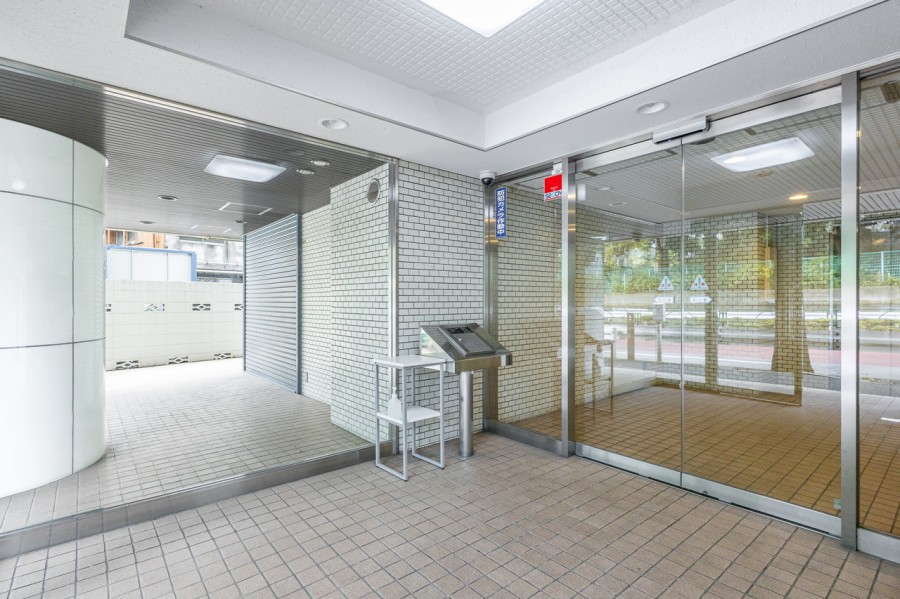 六本木ヒルズ、表参道ヒルズ、東京ミッドタウンなどが徒歩圏内。ショップやレストラン、美術館など豊富なお出かけスポットが日々の生活に華やぎを与えてくれます。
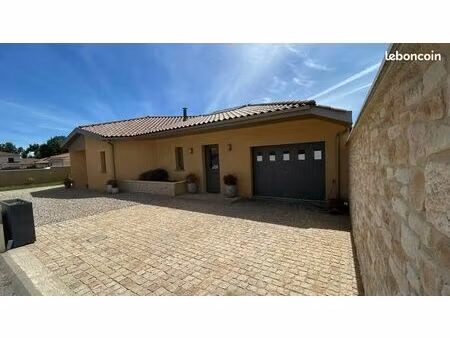 villa 4 pièces 113 m²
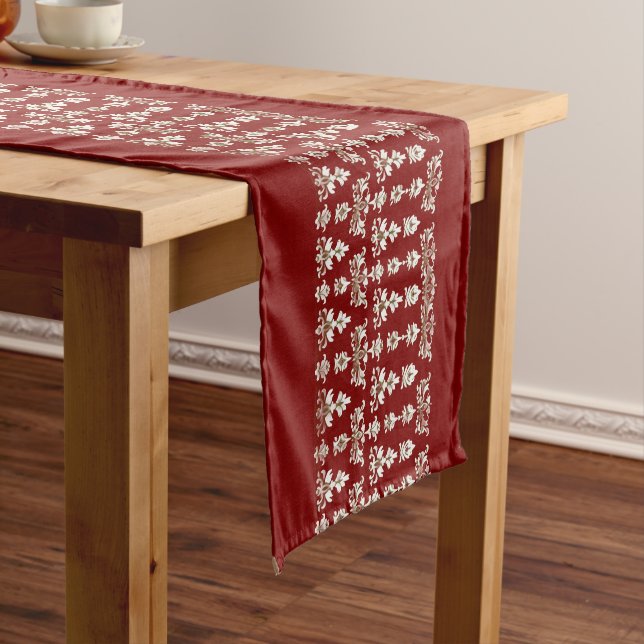 Long Chemin de table rouge avec un élégant motif centra (In Situ)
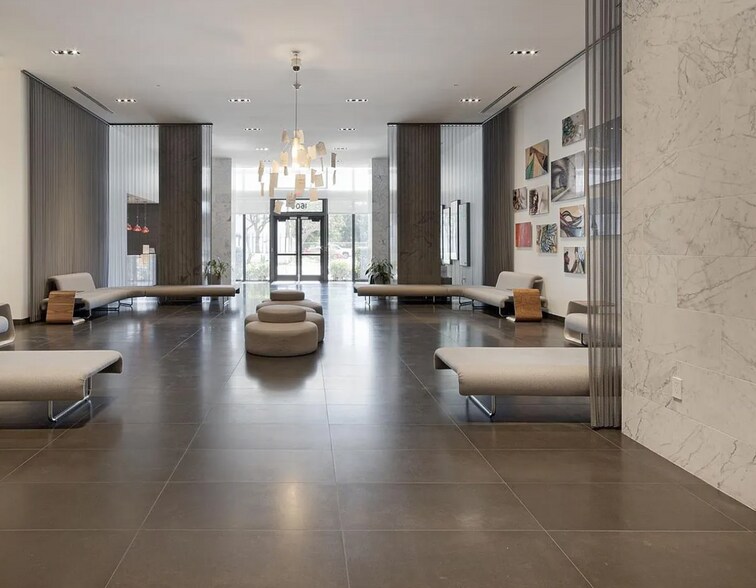 Building Photo - 1600 NE 1st Ave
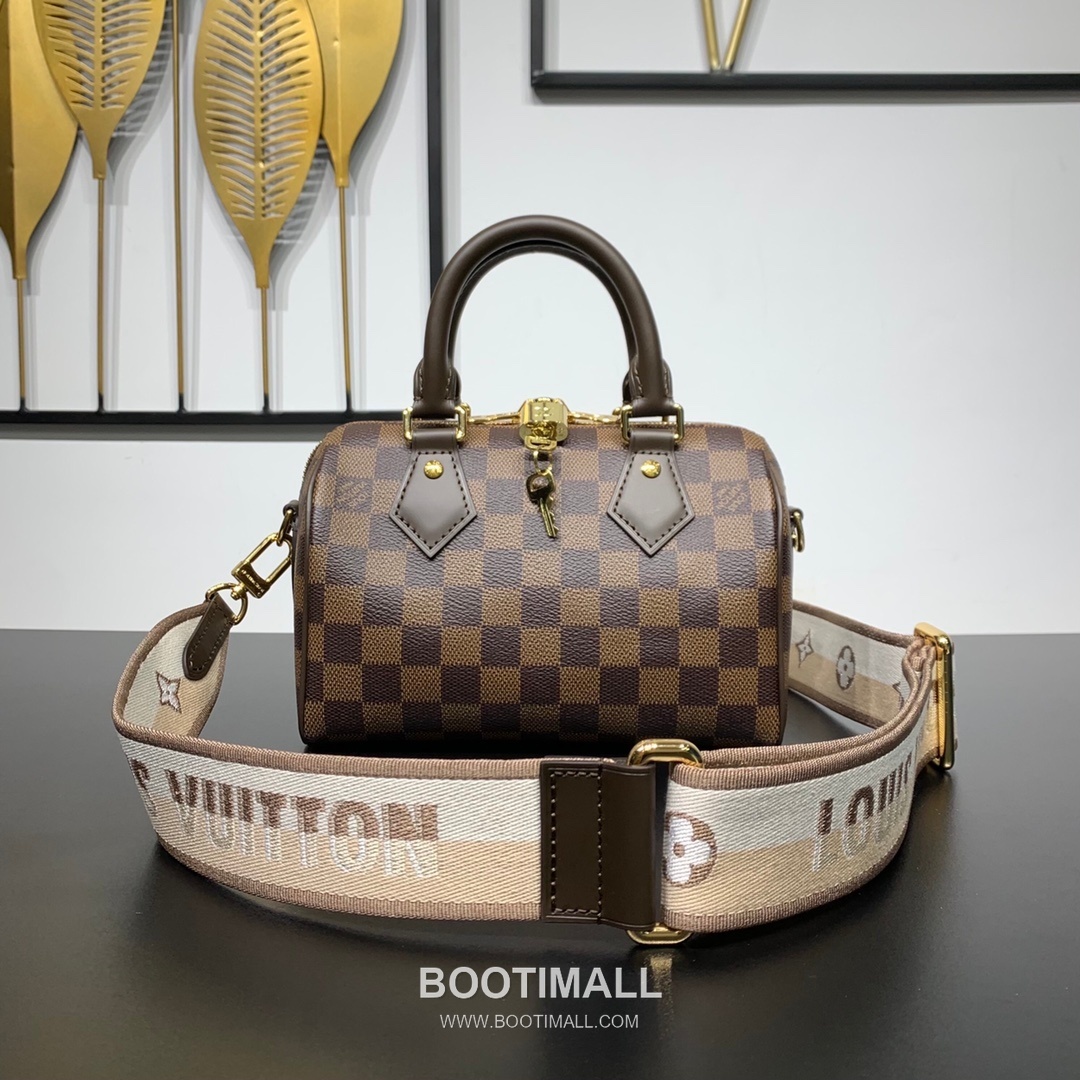 루이비통 스피디 반둘리에 20 다미에 에벤 캔버스 레더 트리밍 브라운 더플백 Louis Vuitton Speedy Bandouliere 20 Damier Ebene Canvas Leather Trim Brown Duffle Bag N40489 20.5cm 1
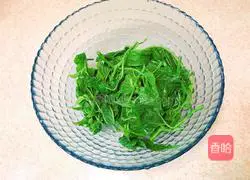 Illustration of how to make cold mulberry leaf sprouts 7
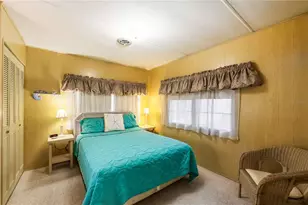 239 Inner Dr E, Venice, FL 34285 - Photo 18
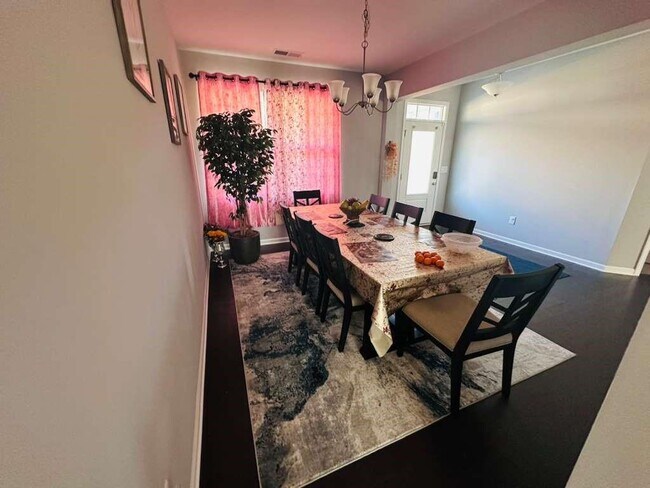 Building Photo - 8035 Stiner Grv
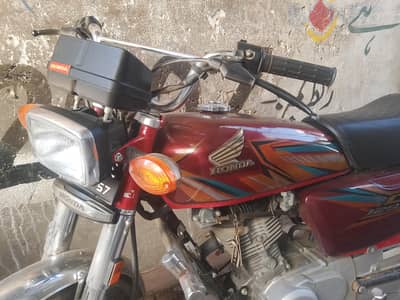 2026 model bike bilkul saf ha 6550 kilo metar chla ha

§

Exercise description: Restate the data word for word without pictures.

Answer section:
 六本木ヒルズ、表参道ヒルズ、東京ミッドタウンなどが徒歩圏内。ショップやレストラン、美術館など豊富なお出かけスポットが日々の生活に華やぎを与えてくれます。
 villa 4 pièces 113 m²
 Long Chemin de table rouge avec un élégant motif centra (In Situ)
 Building Photo - 1600 NE 1st Ave
 루이비통 스피디 반둘리에 20 다미에 에벤 캔버스 레더 트리밍 브라운 더플백 Louis Vuitton Speedy Bandouliere 20 Damier Ebene Canvas Leather Trim Brown Duffle Bag N40489 20.5cm 1
 Illustration of how to make cold mulberry leaf sprouts 7
 239 Inner Dr E, Venice, FL 34285 - Photo 18
 Building Photo - 8035 Stiner Grv
 2026 model bike bilkul saf ha 6550 kilo metar chla ha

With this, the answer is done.